Aren't children and their behaviour wonderful? ;-)
Cheers,
DavidG.
>
> Steve
>
> On Oct 26, 2006, at 10:23 AM, Jeff Templon wrote:
>
>> Hi,
>>
>> we have seen them, but they are associated with proper ATLAS jobs so
>> are not draining our farm. what may be fooling you is the metric you
>> use. indeed, if you use CPU time as the primary metric, these jobs
>> will have appeared to have drained your entire farm. for some
>> reason, the CPU time used by these jobs does not get properly
>> accounted for by Torque.
>>
>> On the other hand, the wall time *does* get accounted for. This is
>> one reason why I keep pleading for wall time being the primary
>> accounting metric.
>>
>> I asked the Traylenator took look into why the CPU time isn't getting
>> caught by Torque, haven't heard back from him yet. Other volunteers
>> are welcome. I 'spect Mr. Walker will pipe up and say
>> something soon.
>
>
>> My take: we need to figure out why torque doesn't catch the CPU time,
>> and we need to account wall time, otherwise I think these jobs are fine.
>>
>> JT
>>
>> Bly, MJ (Martin) wrote:
>>
>>> Hi all,
>>> We have some WNs here that appear to be running agents for the Condor
>>> system, trying to do work on our WNs in opposition to the Torque/Maui
>>> batch/scheduling system and unknown to it: atlassgm 16125 1 0
>>> Oct20 ? 00:01:08 condor_master -f
>>> atlassgm 2652 16125 0 Oct22 ? 00:04:25 condor_startd -f
>>> atlassgm 20839 2652 0 Oct25 ? 00:00:48 condor_starter -f
>>> higgs05.cs.wisc.edu
>>> atlassgm 20845 20839 0 Oct25 ? 00:00:00 /bin/sh --login /
>>> pool/4006441.csflnx353.rl.ac.uk/execute.130.246.180.112-16125/ dir_20839
>>> /condor_exec.ex
>>> atlassgm 21442 20845 92 Oct25 ? 22:09:41 ./2Qgen
>>> In the above case, jobid 4006441 has been and gone in the batch system.
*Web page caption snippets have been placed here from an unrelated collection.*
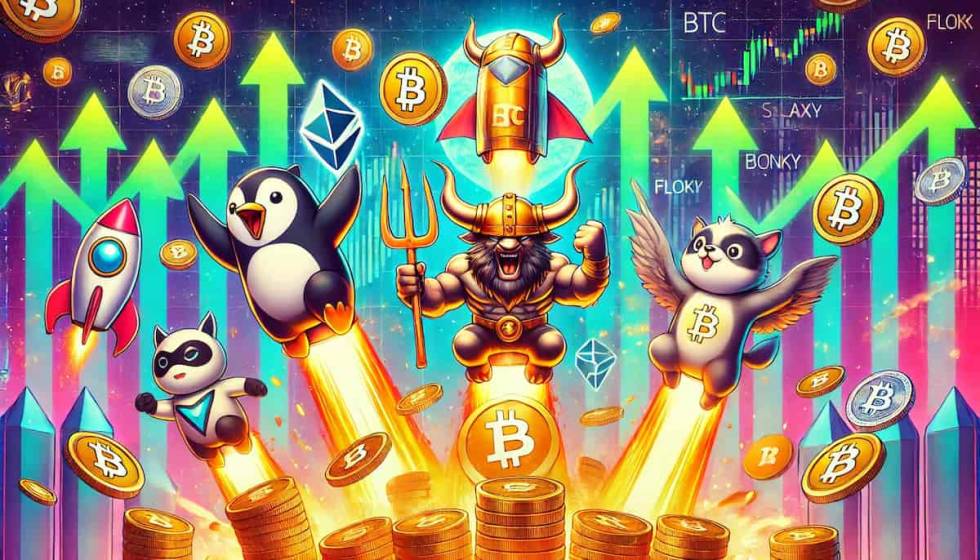Meme coin tiềm năng TRUMP và BTC Bull nổi bật giữa làn sóng tăng trưởng mới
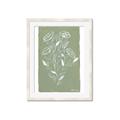 Picture of Floral Spritz I _GroupedProduct_Rectangle_Portrait_Framed_Matted_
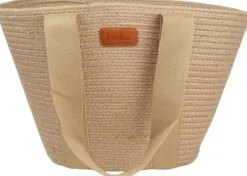 PEPPINO - JUTE BAG WITH COTTON HANDLES 45 X 40 CM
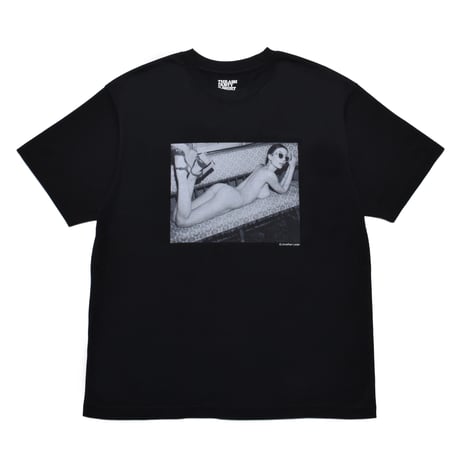 MINEDENIM : Jonathan Leder × Stie-lo "OLIVIA" Crewneck T-SH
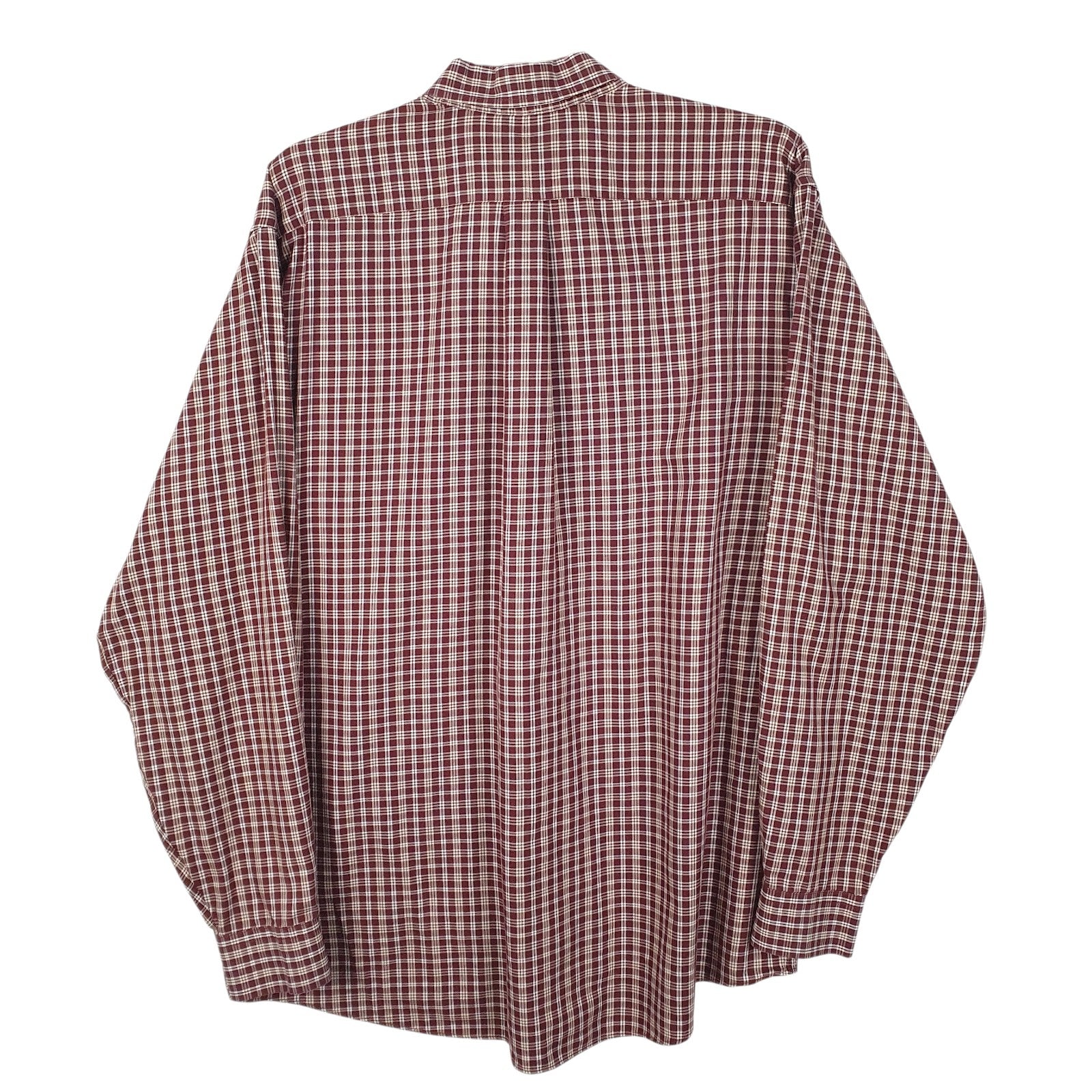 Mens Red L.L.Bean   Shirt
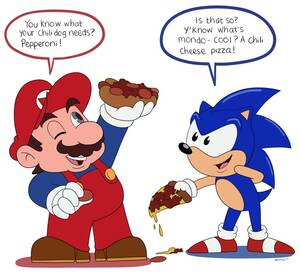 Mario Sonic Porn - Mario Sonic Porn | Sex Pictures Pass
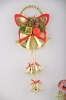 Plastic christmans bell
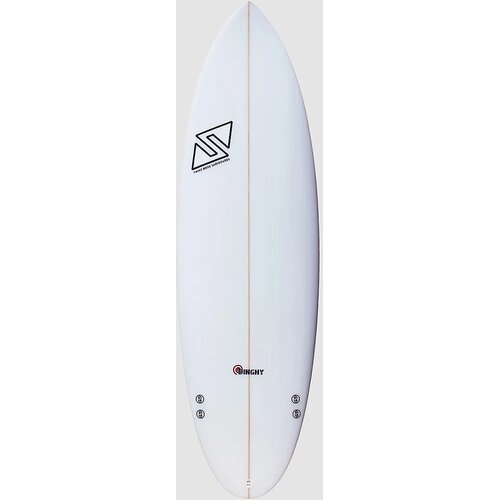 TwinsBros Dinghy FCS2 Deska za surfanje white Cene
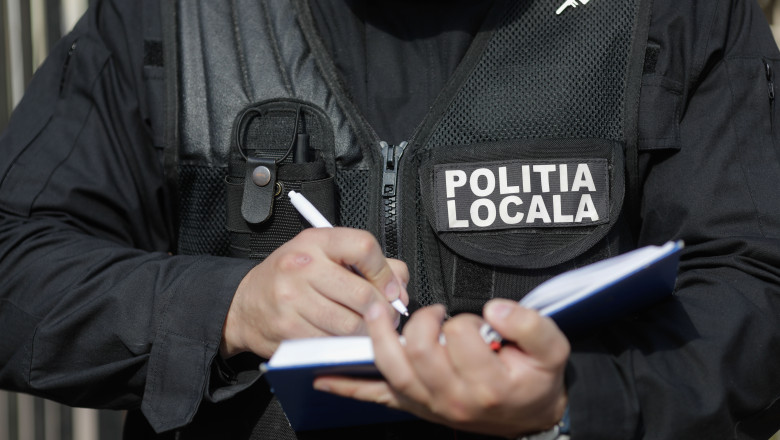 Se schimbă legea pentru polițiștii locali. Oamenii legii vor avea obligații noi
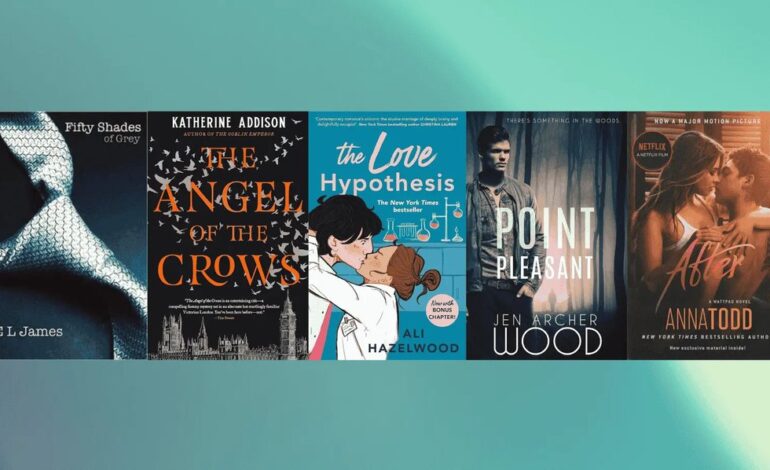 How Fanfiction Sparked BookTok Bestsellers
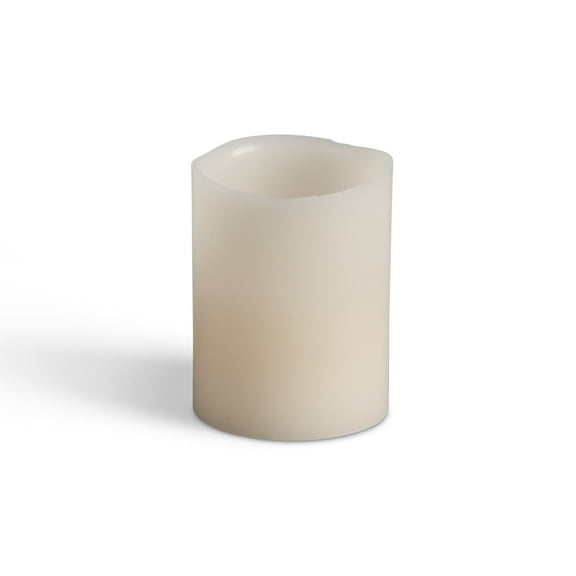 Gerson Bisque Classic Style Wax LED Votive, 2.5-Inch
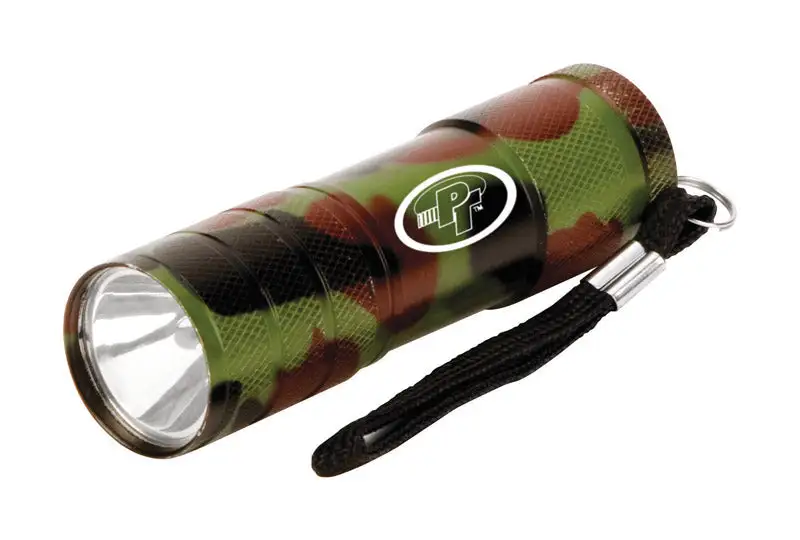Wilmar PT Power 66 Lumens Camouflage LED Flashlight Pack 16 Compact and Durable Flashlights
>>> The big problem appears to be that this is causing grief to Maui which
>>> is refusing to schedule any legitimate work, thus draining the whole
>>> farm.
>>> Anyone else seen this?
>>> This is causing a big hassle: we are terminating all such processing in
>>> order to get our capacity back online.
>>> Martin
>>> Tier1 Systems.
>
>
--
David Groep
** National Institute for Nuclear and High Energy Physics, PDP/Grid group **
** Room: H1.56 Phone: +31 20 5922179, PObox 41882, NL-1009DB Amsterdam NL **
|